A pastor is being ordered by the Canadian government to allow gay-straight alliances in the two Christian schools that he runs in Alberta.
Brian Coldwell, a pastor of New Testament Baptist Church and chairperson of Independent Christian Education Society, said that he did not intend to comply with the order.
"I have a duty as a pastor to protect the flock of God," said Coldwell on a late August interview with CBC. "And there is no way under heaven I'm going to allow gay activists to come in here and basically undermine our ministries and our religious freedoms or confuse and corrupt our children," he added.
Earlier this year, Education Minister David Eggen ordered the school boards to submit LGBTQ policies before the end of March but some schools showed resistance. Eggen appointed a consultant to form a new transgender policy in one of the schools that did not comply.
"I'm not going to allow the minister of education to appoint anyone to come in here — he does not have that dictatorial power," said Coldwell.
On Sept. 2, Eggen sent a letter to Coldwell asking him for assurance that he will allow gay-straight alliances to be formed at the Meadows Baptist Academy and Harvest Baptist Academy in Parkland County.

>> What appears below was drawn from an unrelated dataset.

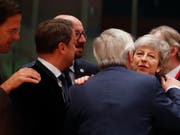 Die britische Premierministerin Theresa May konnte am Donnerstagabend in Brüssel einen Aufschub beim Brexit erwirken. (Bild: KEYSTONE/AP/FRANK AUGSTEIN)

Eggen stated that the reply he received from Coldwell on Sept. 16 was unsatisfactory. He indicated that he will appoint a third party to conduct an inquiry at the schools. He stated that he is allowed to withdraw the funding for schools that do not comply.
According to Global News, the province of Alberta provided 70 percent of the schools' funds.
"The process of course that's included at my disposal is deregistration of a school or withdrawal of funding or so forth. One usually begins this process through the process of inquiry," said Eggen.
Kris Wells of the Institute for Sexual Minority Studies and Services believed that the government should have created a uniform policy regarding gender identity and sexual orientation instead of allowing individual boards to create their own.